I had an epiphany the other day. You know, the moment of enlightenment when the light bulb flashes bright dots of knowing there is bright 150 watt light, singing alleluias (or in my case rock ‘n roll); it jolted me from my everyday languidness of inertia to a full wide-awake state of aliveness; and it coddled me proving that I am treasured, valued, respected, and a worthwhile human being. What happened? I was in an elevator when a man, a gentleman, entered, said hello and looked me straight in the eye. There was no side-stepping, no glancing over my shoulder, it was a straight-forward look into my being. There was no intentional conversation, but there was validity that I existed for that brief second in the elevator. This moment in time reminded me of another time in my life.

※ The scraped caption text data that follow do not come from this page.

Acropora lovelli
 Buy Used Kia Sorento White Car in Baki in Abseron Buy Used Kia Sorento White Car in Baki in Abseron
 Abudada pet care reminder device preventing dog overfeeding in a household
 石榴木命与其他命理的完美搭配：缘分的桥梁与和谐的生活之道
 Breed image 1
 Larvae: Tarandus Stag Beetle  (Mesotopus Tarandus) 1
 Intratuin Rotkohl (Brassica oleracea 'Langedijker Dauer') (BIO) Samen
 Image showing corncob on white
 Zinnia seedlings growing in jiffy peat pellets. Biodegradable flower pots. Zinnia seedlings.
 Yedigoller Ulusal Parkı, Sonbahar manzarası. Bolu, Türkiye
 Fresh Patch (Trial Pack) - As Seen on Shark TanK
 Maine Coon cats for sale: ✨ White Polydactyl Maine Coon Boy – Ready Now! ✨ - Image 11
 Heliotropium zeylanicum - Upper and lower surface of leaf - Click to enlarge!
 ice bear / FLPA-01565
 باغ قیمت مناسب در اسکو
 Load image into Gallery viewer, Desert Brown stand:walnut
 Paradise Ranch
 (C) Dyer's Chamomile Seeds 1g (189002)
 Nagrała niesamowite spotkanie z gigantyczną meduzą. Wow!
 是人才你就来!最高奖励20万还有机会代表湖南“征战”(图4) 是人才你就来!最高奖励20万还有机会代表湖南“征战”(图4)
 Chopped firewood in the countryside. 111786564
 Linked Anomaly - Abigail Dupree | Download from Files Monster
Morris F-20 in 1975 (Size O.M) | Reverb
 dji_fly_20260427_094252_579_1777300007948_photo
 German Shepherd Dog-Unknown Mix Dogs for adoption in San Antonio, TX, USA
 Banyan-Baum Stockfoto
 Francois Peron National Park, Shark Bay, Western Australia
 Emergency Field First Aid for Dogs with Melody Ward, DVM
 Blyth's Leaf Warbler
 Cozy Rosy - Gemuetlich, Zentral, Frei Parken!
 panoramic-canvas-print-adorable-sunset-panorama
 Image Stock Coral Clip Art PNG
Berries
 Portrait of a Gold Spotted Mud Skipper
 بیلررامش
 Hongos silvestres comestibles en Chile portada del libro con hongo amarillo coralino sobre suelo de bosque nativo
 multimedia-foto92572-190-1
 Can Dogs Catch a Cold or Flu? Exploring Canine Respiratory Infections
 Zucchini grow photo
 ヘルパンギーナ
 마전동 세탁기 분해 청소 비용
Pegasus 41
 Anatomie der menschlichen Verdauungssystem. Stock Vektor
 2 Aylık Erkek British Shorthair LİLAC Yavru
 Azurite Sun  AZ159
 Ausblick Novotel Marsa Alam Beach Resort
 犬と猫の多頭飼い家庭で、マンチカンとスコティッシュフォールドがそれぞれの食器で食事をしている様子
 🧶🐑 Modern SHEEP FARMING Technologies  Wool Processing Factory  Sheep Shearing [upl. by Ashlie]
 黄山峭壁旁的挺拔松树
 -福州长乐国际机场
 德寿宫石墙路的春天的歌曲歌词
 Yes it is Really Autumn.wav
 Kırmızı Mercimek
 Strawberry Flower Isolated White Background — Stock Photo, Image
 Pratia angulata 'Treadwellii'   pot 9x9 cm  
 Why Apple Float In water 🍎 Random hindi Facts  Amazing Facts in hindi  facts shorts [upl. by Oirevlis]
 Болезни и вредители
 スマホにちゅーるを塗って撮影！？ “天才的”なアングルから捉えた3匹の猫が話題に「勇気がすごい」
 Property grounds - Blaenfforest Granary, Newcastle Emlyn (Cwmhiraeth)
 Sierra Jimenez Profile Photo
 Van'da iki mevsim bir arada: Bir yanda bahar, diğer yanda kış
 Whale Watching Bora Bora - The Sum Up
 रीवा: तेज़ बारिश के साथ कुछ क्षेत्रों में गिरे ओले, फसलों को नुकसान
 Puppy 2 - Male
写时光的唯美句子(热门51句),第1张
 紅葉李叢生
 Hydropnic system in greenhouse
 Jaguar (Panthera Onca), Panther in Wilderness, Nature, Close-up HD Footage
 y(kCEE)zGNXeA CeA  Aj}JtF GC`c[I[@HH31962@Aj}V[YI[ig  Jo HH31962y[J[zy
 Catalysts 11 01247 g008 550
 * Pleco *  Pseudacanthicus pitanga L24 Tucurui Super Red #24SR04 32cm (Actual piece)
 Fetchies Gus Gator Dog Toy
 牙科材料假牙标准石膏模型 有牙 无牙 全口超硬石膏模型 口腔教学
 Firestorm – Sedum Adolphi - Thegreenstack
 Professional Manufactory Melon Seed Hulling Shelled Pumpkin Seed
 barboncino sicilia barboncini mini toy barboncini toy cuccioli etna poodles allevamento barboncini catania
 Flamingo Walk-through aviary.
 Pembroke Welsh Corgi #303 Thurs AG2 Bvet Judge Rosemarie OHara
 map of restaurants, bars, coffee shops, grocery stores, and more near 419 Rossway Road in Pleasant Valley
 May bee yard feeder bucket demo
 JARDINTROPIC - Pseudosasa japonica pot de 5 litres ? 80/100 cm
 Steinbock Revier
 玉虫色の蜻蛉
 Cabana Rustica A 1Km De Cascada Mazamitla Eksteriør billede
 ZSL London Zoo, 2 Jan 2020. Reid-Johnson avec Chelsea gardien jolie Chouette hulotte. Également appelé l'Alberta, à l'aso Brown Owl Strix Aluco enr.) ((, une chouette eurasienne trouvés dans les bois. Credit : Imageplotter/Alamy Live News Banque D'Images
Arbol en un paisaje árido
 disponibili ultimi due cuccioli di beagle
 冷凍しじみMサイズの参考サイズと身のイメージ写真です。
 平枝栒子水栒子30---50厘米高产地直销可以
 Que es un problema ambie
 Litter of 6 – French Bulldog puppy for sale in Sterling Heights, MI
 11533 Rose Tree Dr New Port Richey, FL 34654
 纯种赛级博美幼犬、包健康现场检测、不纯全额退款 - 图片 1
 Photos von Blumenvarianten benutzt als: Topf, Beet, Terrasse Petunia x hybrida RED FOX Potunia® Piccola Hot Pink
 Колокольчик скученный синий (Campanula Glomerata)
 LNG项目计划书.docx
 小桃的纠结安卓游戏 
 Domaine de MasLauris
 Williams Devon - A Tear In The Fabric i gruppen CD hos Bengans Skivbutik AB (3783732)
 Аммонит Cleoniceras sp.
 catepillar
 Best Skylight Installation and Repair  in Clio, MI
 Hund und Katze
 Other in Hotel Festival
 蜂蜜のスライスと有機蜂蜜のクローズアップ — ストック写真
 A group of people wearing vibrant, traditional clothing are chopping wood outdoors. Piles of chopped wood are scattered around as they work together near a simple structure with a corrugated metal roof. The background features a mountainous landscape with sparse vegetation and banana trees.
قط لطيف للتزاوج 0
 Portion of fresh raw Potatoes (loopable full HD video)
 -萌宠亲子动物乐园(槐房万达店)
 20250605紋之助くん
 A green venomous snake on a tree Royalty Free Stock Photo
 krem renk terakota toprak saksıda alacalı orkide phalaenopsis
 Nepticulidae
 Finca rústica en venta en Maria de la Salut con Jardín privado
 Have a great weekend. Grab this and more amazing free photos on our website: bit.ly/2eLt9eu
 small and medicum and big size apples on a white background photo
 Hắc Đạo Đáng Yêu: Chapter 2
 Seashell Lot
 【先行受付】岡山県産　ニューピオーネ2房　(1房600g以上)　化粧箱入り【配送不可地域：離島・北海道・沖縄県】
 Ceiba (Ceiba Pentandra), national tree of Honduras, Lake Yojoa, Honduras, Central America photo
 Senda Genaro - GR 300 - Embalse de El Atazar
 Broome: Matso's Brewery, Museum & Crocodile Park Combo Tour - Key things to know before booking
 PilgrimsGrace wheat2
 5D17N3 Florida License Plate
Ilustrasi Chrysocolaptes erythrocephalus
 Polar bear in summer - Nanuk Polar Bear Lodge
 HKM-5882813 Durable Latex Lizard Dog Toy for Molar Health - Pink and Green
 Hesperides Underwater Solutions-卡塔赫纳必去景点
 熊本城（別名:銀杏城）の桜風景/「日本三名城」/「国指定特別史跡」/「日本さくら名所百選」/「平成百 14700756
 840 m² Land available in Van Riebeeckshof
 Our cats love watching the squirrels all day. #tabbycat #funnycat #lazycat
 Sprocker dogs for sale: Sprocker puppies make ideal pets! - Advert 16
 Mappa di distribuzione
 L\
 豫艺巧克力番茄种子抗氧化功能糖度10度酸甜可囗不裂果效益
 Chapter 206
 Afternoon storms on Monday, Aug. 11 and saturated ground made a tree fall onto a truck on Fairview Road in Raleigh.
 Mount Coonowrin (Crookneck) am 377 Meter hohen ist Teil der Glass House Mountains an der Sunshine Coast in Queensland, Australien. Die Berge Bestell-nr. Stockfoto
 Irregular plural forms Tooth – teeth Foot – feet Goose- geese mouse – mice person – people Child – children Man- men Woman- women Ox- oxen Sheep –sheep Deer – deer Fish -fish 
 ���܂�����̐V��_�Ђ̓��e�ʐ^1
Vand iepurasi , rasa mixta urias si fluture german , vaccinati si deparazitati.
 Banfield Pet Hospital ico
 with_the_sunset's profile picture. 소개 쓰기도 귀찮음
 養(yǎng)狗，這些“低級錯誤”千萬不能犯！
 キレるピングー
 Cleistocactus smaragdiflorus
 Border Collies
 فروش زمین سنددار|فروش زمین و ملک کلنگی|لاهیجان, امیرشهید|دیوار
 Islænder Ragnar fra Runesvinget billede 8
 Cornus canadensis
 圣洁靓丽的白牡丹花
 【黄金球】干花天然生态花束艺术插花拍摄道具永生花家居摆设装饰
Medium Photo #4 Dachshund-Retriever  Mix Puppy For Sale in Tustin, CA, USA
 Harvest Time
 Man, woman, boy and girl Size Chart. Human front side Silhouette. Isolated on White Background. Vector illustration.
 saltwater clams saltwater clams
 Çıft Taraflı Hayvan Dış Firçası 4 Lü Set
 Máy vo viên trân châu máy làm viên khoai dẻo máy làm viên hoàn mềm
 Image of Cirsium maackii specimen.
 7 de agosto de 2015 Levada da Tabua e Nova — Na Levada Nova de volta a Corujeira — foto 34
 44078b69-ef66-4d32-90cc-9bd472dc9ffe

It was years ago and I was in the midst of what some may call success, I was editing at the magazine, teaching composition at the university, volunteering and serving on boards. In other words, I was wayyy too busy to know that there was life outside of my tunnel visioned world. Then, without knowing what was going to happen, I stopped at Arby’s for a sandwich and this girl behind the counter smiled at me. It was a smile that struck me so hard that I stopped dead in my tracks, and said, “Thank you for smiling. I can’t remember when someone actually smiled at me.” She looked at me as if I was strange, and maybe I was to notice a smile. It was a genuine smile, and at that moment something happened. I realized that I had made my life so busy that I forgot to be human, to touch someone else’s heart, to smile back. I realized by that smile that we are all in this life together, and if I did not have time to stop and smile, to say a kind word, to make someone else’s day brighter, then, what is it all about? — definitely not the job, the so-called success, the baubles of American middle-class.
That smile has formed many of my days, and now I keep thinking of “the look”. Since the look, I have noticed how many people do not look at my eyes when I speak, and how many times I do not look into the souls of people I am talking with.Today, I am making a conscious effort to look into people’s eyes as I speak to them. I want them to feel what I felt, that they, too, are treasured, valued, respected and are a worthwhile human being.
Please, take note, and let me know what you notice.